Exercise input START
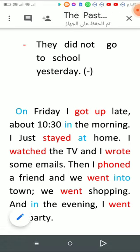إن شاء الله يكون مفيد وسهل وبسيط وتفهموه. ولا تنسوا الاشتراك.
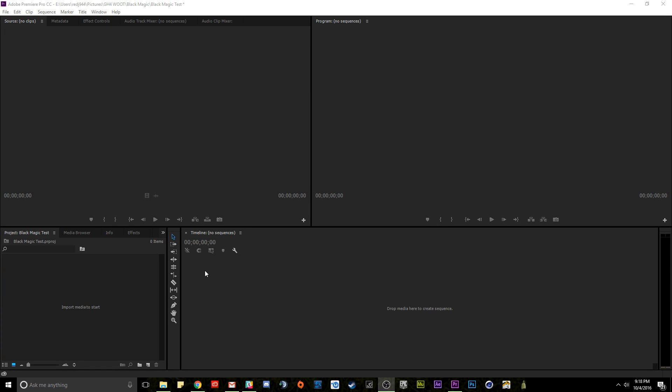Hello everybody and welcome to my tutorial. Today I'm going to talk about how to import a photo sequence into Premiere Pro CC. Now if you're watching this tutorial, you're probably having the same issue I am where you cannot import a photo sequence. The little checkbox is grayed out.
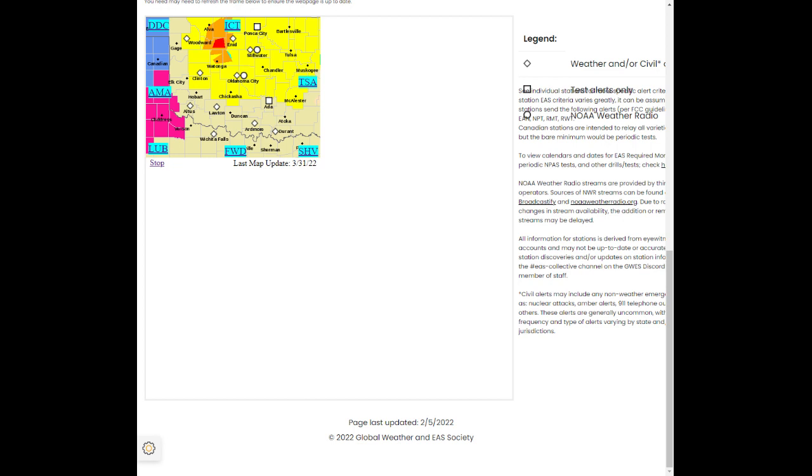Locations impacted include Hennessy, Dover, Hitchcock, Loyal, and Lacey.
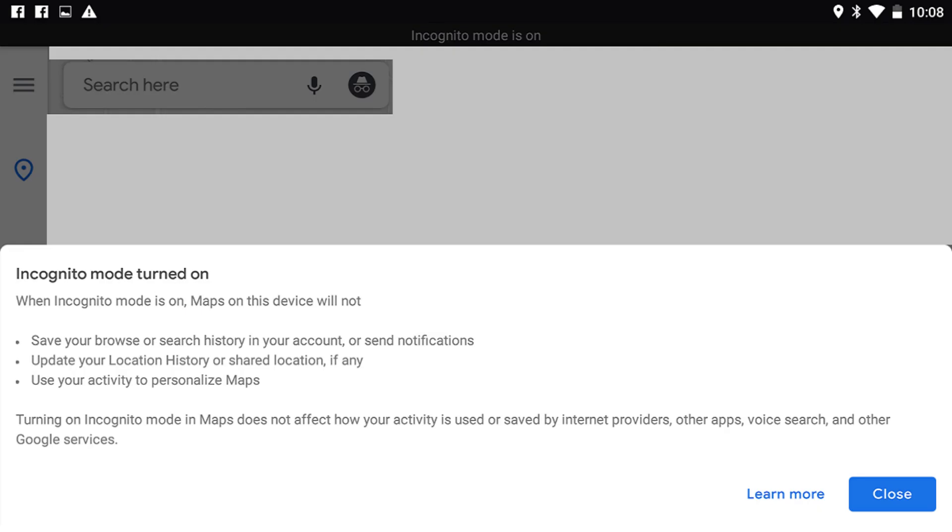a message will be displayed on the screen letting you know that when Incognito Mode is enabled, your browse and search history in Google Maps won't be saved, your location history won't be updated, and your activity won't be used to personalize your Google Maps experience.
Exercise input END
Exercise input START
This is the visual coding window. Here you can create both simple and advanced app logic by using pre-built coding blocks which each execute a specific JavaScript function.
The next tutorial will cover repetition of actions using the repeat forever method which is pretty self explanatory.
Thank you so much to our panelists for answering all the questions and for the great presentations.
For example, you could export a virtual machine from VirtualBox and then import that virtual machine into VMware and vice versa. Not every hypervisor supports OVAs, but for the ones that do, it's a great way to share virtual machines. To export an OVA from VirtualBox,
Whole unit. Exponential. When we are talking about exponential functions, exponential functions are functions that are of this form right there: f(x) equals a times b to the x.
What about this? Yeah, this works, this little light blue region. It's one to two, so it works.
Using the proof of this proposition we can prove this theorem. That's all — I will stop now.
Exercise input END
Exercise input START
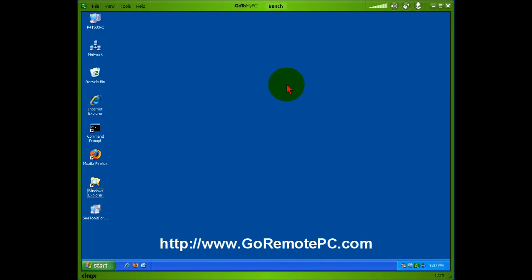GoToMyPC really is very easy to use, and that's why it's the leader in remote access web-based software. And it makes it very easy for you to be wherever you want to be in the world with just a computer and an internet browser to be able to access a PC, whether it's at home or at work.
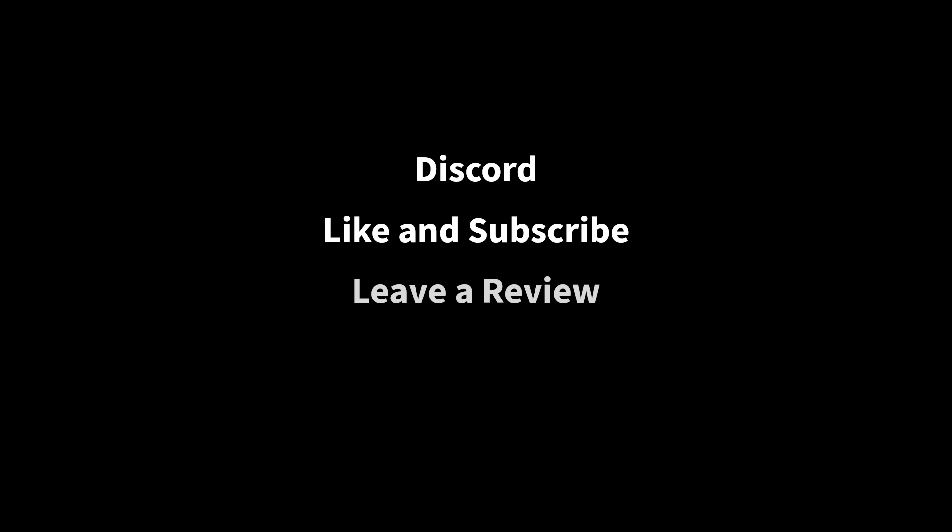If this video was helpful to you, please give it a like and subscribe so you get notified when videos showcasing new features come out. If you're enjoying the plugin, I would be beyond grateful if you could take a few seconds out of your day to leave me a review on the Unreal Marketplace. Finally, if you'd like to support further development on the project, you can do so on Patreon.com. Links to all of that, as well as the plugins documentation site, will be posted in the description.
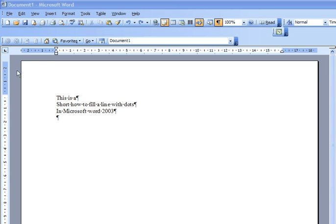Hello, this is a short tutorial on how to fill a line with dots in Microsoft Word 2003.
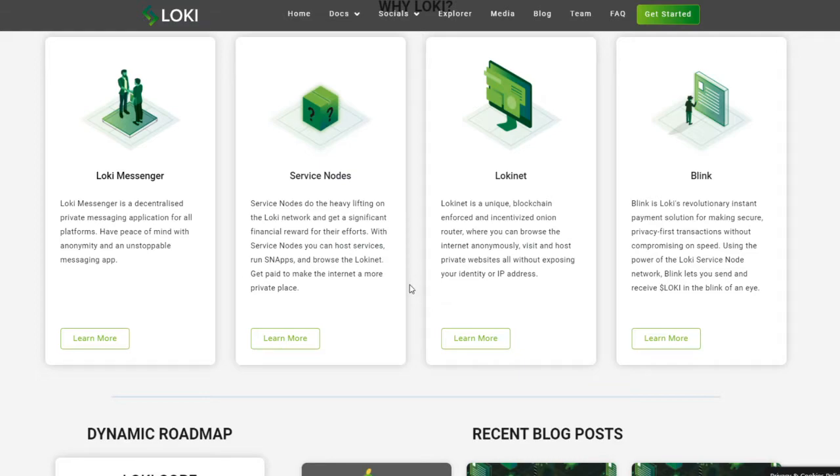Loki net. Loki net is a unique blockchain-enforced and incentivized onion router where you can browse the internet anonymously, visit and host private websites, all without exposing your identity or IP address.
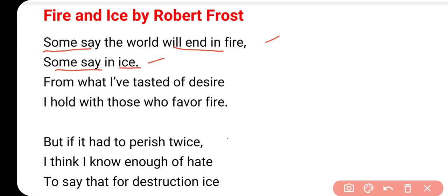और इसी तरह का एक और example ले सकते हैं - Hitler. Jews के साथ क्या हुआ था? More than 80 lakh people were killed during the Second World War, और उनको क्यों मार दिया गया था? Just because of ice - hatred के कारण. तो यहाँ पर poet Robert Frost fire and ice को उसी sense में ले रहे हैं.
Exercise input END
Look through the listing and extract every line with "great" in it.

Thank you so much to our panelists for answering all the questions and for the great presentations.
For example, you could export a virtual machine from VirtualBox and then import that virtual machine into VMware and vice versa. Not every hypervisor supports OVAs, but for the ones that do, it's a great way to share virtual machines. To export an OVA from VirtualBox,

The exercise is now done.